Like many Veterans, I had decided a while before I got out that I would take a shot at getting a federal job. There were a few reasons, and I’m sure they were the same ones that make federal employment attractive to most Veterans. First and foremost, there’s credit for military service toward retirement. I also thought about job security, and the desire to do meaningful work. But like many of us, I found out it wasn’t as easy as I thought would be. In reality, the process was stressful and confusing and filled with disappointment. That’s the bad news. But the good news is I’m here to share my mistakes with all of you, in the hopes of making it easier for those of you hoping to land a government gig.
I left the Marine Corps in 2003 not exactly sure what I wanted to do. I realized early on that my lack of planning had been my first mistake. I hadn’t completed any transitional job counseling, and I don’t remember now if it was even offered. Fortunately I found out I was eligible for unemployment benefits to make ends meet while I looked for work. During one of my visits to the employment office I was put in touch with a Veteran employment specialist. She determined I was eligible for Chapter 31 vocational rehabilitation. This program put me through college and paid a monthly benefit much like today’s Post-9/11 G.I. Bill. That was all the push I needed. Fast forward four years: With my degree in communications I was ready to start my federal career. Or so I thought.
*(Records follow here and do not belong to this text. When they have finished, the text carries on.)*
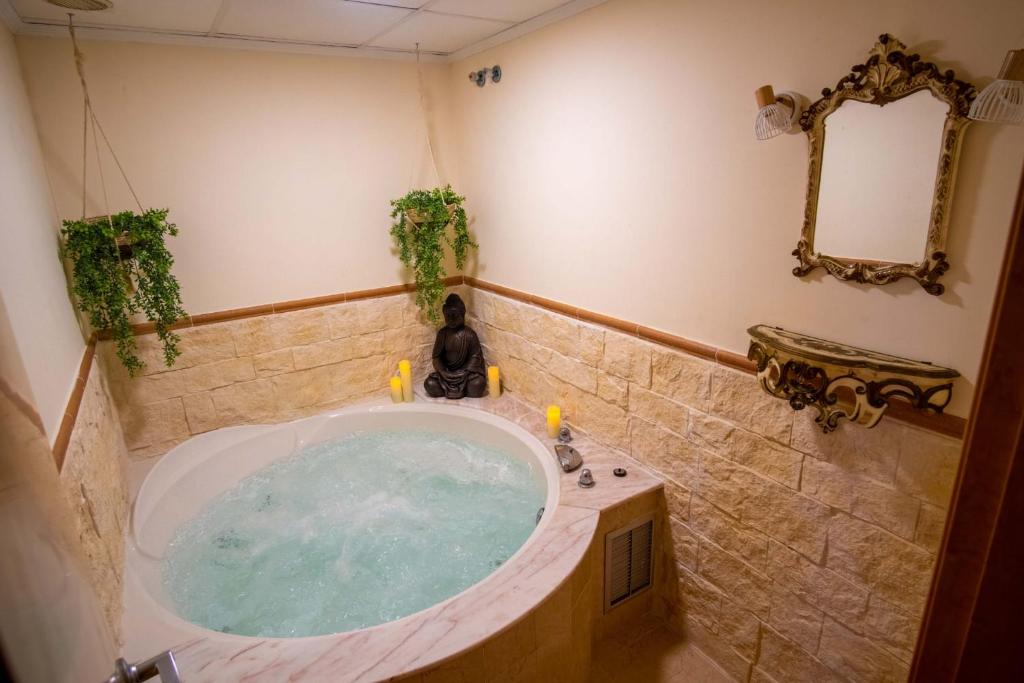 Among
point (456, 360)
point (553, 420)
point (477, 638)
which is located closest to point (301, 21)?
point (456, 360)

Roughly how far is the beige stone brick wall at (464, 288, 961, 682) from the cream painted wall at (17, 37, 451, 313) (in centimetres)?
150

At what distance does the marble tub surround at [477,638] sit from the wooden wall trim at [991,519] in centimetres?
124

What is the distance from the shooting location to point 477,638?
1557 mm

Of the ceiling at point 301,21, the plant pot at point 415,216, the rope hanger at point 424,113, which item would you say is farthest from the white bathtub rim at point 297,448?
the ceiling at point 301,21

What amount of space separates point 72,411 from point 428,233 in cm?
186

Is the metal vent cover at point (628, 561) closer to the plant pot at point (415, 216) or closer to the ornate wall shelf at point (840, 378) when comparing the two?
the ornate wall shelf at point (840, 378)

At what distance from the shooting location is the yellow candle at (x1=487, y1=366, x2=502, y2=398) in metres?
3.20

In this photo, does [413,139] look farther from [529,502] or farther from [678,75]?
[529,502]

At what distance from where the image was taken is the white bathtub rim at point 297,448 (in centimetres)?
165

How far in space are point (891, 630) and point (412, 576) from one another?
62.9 inches

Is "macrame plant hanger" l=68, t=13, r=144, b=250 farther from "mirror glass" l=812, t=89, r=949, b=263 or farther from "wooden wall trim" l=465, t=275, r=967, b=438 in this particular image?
"mirror glass" l=812, t=89, r=949, b=263

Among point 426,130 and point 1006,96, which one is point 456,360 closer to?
point 426,130

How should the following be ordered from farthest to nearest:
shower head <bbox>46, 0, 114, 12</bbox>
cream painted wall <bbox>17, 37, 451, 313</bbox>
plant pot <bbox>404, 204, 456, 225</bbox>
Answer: plant pot <bbox>404, 204, 456, 225</bbox>, cream painted wall <bbox>17, 37, 451, 313</bbox>, shower head <bbox>46, 0, 114, 12</bbox>

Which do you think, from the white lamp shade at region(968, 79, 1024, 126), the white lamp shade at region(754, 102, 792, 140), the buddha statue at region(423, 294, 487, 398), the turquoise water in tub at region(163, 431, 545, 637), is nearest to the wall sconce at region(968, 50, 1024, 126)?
the white lamp shade at region(968, 79, 1024, 126)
What I was really beginning was three years of hair-pulling frustration.
I started at the logical place – USAJOBS. I filled out literally hundreds of applications in a variety of career fields. The result was always the same. I would get an e-mail back containing some arrangement of the following phrases: Not Eligible. Minimum Qualifications Not Met. Not Selected. Stop me if these sound familiar. I felt like I was qualified for these positions, but without an interview, how was I going to convince anyone else? I had to do something to get myself in the door.
Determined, I got in touch with someone in HR who had reviewed my resume. I found out that my resume wasn’t being considered because, well, it wasn’t worth considering. I had always been told that a resume should just be a short synopsis of my best qualities and qualifications. The federal resume is a whole different thing. The HR pro told me I should be more specific. List all of my skills, how much experience I had with each, and at what level. Don’t bother uploading a pre-baked resume. Take the time to fill out all the fields on the custom USAJOBS resume. It made a huge difference. Over the next few months, I actually got a few interviews. They went well enough but I still wasn’t getting hired. Now that I had a foot in the door, it felt like I was in this great big crowd of applicants, struggling to stand out. Turns out that’s exactly what it was.
There was one other factor I hadn’t considered in my search: the competition. Of course my status as a disabled Veteran meant I would have preference. On the other hand, there were a lot of other Veterans who would be competing with me for the same position. Many with more direct experience and most probably also had a four-year degree. How could I get noticed in such a talented group? For me the answer was getting a master’s degree. I hated the idea of going back to school but I knew it would give me an edge in the job market. So even though I was working full time, I decided to take the plunge. I busted my hump for a year and a half and got my master’s degree in May of 2011. I started my career with VA in September. It’s a great job and I’m proud to work for my brothers and sisters who served. For me it was all worth it.
If you’re thinking about a federal position, I have a little advice based on my own experience. Get all the training you have time for. Make sure it all shows on your resume. Be willing to relocate if at all possible. Be patient. And most importantly, if it something you really want, don’t give up. Good luck.
Phil Walls served in the Marine Corps from 1999 to 2003. He is currently a Public Affairs Specialist in VA’s Technical Career Field Program.